>>>>

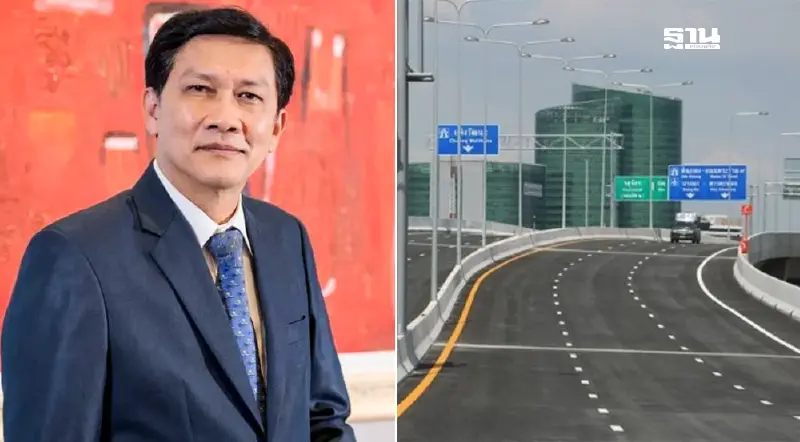 “ดร.สามารถ” แนะ ทางออก กระทรวงคมนาคม  แทน ขยายสัมปทานทางด่วนศรีรัช !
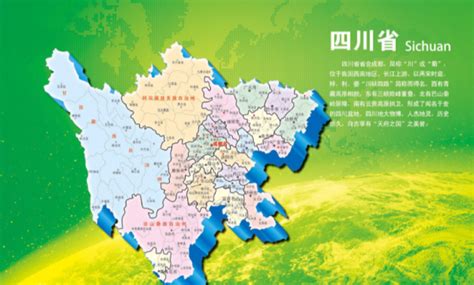 四川面积在中国排第几-ABC攻略网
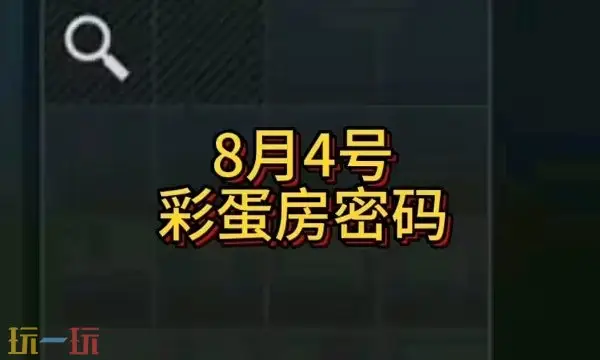 �������ж�AZ3�������뷿����8��4�� AZ3�ʵ�������8.4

<<<<

## Task
Please return each line of the listing exactly as written, excluding the images.

## Solution to the problem
 “ดร.สามารถ” แนะ ทางออก กระทรวงคมนาคม  แทน ขยายสัมปทานทางด่วนศรีรัช !
 四川面积在中国排第几-ABC攻略网
 �������ж�AZ3�������뷿����8��4�� AZ3�ʵ�������8.4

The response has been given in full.